Your job is to set down the stretch of entries that opens with the line containing "controle pragas granjas de frangos e suinos" and closes with the line containing "chat constipé". Keep both end lines, copy each exactly, and add nothing.
[Dataset extract Boundary: Start]
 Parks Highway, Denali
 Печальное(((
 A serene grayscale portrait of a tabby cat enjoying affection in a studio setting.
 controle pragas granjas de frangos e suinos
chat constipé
[Dataset extract Boundary: End]
[Dataset extract Boundary: Start]
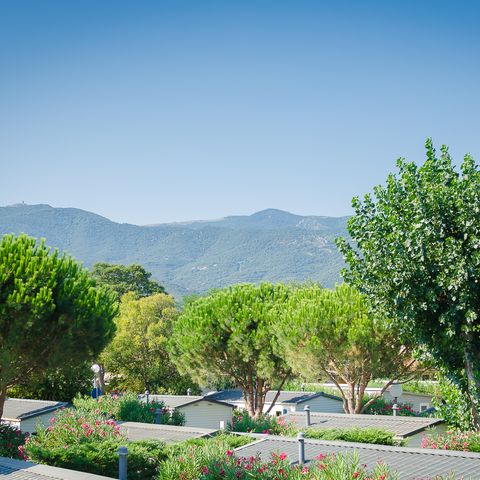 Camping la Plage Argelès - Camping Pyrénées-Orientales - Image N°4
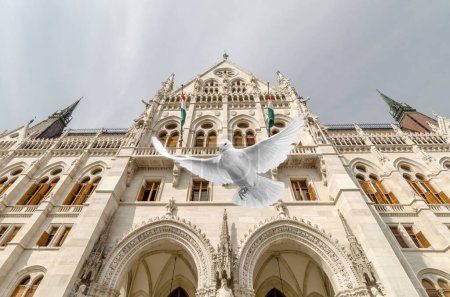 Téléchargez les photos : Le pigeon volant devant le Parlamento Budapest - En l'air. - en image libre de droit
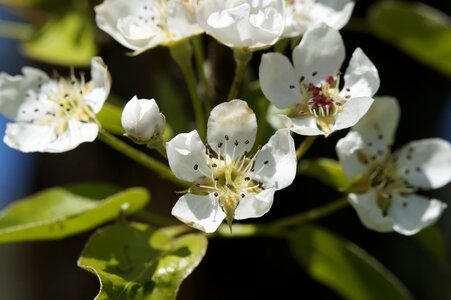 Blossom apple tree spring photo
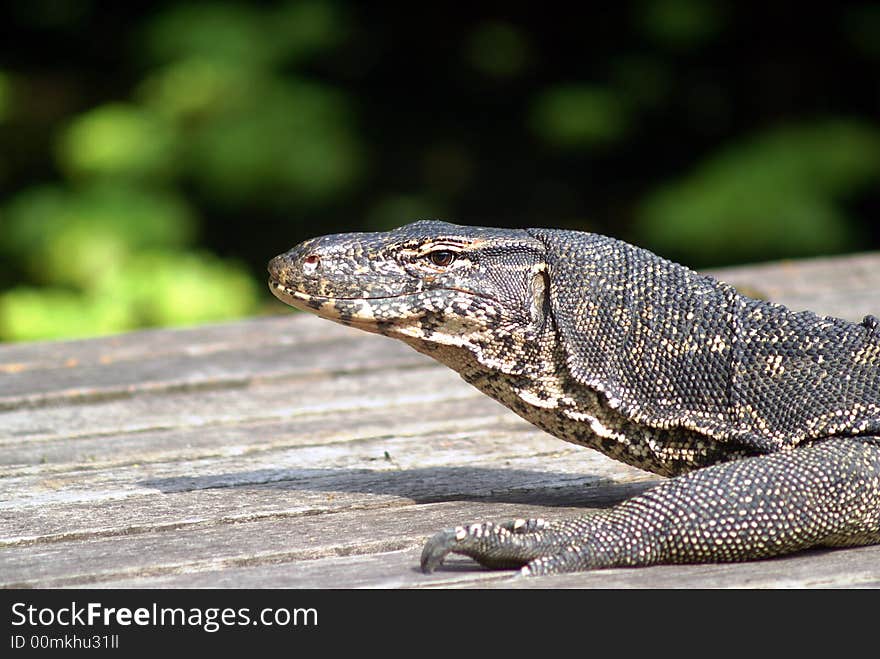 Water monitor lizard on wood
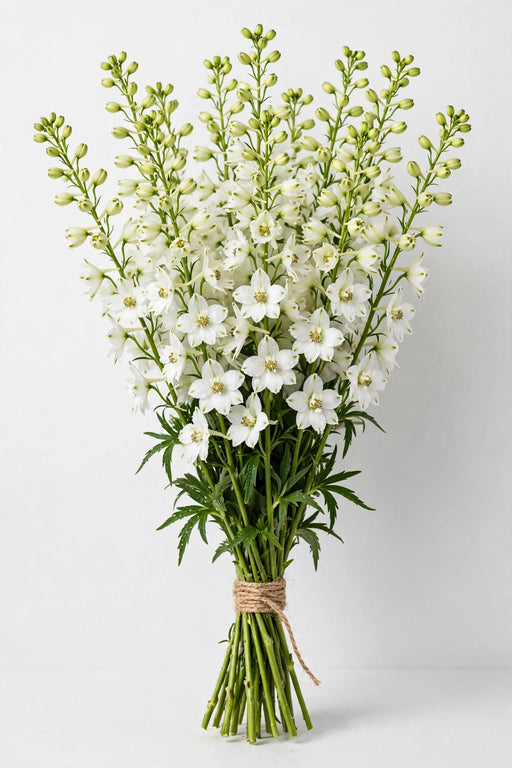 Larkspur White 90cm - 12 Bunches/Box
[Dataset extract Boundary: End]
[Answer below]
 controle pragas granjas de frangos e suinos
chat constipé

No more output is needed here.